What’s the story really about?
At the time the story of Cain and Abel developed, there was constant friction between farmers and herdsmen, both of them fighting for the limited resources of the land.
- The herdsmen were angry when the farmers took over the best land for their crops
- the farmers were angry when the flocks trampled their crops.
This friction led to violence in which people were killed. Notice that the story was developed by the herdsmen, the keepers of flocks.

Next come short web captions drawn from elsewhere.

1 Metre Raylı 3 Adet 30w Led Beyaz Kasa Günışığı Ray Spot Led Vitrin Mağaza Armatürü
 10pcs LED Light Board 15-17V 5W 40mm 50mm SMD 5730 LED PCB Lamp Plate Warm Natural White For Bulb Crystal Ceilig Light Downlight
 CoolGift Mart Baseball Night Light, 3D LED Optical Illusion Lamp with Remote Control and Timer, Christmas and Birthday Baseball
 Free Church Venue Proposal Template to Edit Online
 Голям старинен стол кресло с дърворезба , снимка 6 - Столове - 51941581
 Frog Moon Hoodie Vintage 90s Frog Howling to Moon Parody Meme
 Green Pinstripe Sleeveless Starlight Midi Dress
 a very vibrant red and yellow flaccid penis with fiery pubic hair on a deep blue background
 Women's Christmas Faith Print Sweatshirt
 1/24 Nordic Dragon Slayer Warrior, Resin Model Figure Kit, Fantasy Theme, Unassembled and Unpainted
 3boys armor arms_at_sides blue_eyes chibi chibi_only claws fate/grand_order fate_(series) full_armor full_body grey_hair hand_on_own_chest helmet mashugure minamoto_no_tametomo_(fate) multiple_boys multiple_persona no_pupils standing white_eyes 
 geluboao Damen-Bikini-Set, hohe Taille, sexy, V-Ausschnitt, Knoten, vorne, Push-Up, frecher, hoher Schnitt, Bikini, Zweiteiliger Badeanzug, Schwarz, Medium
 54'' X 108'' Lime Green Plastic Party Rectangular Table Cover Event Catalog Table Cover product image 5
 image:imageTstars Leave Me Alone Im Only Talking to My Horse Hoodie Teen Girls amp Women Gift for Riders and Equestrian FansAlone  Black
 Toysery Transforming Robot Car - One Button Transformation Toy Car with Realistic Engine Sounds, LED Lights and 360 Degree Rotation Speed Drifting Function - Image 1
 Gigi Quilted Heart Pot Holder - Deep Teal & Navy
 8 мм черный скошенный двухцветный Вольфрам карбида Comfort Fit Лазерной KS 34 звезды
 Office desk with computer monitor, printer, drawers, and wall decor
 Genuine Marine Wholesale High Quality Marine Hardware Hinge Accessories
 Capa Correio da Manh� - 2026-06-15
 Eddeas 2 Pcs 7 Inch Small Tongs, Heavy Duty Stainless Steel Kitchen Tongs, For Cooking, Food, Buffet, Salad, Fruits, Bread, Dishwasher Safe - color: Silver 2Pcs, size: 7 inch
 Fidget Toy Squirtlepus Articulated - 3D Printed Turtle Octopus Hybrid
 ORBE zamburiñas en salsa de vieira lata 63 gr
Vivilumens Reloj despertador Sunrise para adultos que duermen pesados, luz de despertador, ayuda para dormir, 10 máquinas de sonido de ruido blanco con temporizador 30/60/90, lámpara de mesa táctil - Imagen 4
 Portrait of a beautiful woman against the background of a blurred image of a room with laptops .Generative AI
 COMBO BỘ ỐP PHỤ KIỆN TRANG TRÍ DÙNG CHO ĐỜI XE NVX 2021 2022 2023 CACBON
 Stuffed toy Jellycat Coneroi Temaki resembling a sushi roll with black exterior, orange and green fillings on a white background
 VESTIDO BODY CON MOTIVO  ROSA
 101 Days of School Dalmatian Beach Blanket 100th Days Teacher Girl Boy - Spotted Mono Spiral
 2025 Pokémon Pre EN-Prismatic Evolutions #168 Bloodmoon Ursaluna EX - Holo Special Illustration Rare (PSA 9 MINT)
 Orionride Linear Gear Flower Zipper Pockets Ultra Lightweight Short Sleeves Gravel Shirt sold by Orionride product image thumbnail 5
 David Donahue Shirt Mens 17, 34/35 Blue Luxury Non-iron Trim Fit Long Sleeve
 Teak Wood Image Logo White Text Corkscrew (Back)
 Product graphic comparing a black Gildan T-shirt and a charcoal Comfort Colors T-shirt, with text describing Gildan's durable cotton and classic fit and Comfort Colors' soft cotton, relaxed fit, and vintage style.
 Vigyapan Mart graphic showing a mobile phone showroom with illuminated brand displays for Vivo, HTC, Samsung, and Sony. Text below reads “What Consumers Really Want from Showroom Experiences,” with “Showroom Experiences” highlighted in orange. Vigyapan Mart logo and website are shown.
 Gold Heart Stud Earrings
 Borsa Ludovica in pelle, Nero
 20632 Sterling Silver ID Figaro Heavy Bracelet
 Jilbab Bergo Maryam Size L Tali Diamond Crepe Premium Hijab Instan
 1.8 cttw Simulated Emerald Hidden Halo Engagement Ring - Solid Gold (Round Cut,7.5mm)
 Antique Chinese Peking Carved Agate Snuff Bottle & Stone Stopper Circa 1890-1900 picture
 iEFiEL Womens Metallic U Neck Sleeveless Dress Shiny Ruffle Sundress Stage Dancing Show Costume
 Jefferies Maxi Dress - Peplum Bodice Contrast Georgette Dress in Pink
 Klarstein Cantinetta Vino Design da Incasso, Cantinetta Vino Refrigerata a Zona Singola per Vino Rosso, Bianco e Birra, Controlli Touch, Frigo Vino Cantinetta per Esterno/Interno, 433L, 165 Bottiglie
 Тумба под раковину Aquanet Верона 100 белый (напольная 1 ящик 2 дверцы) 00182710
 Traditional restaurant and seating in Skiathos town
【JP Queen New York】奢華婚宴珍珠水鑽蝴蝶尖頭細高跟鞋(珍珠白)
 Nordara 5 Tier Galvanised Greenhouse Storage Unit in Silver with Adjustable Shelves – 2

This explains why Abel, the herdsman, is portrayed as the injured party.
The Bible text
‘Now Abel was a keeper of sheep, and Cain a tiller of the ground. In the course of time Cain brought to the Lord an offering of the fruit of the ground, and Abel for his part brought of the firstlings of his flock, their fat portions. And the Lord had regard for Abel and his offering, but for Cain and his offering he had no regards. So Cain was very angry, and his countenance fell…. Cain said to his brother Abel “Let us go out to the field.” And when they were in the field, Cain rose up against his brother Abel and killed him.”‘ (Genesis 4:3-7)
God/good — Devil/evil
As well as this, the story continues the Bible’s exploration of the origin of evil in a world created by a God who is all goodness. (Remember the old word game: write down ‘God’ and ‘Devil’; then put an extra ‘o’ in the middle of ‘God’ and take the ‘d’ off ‘devil’; what do you have?)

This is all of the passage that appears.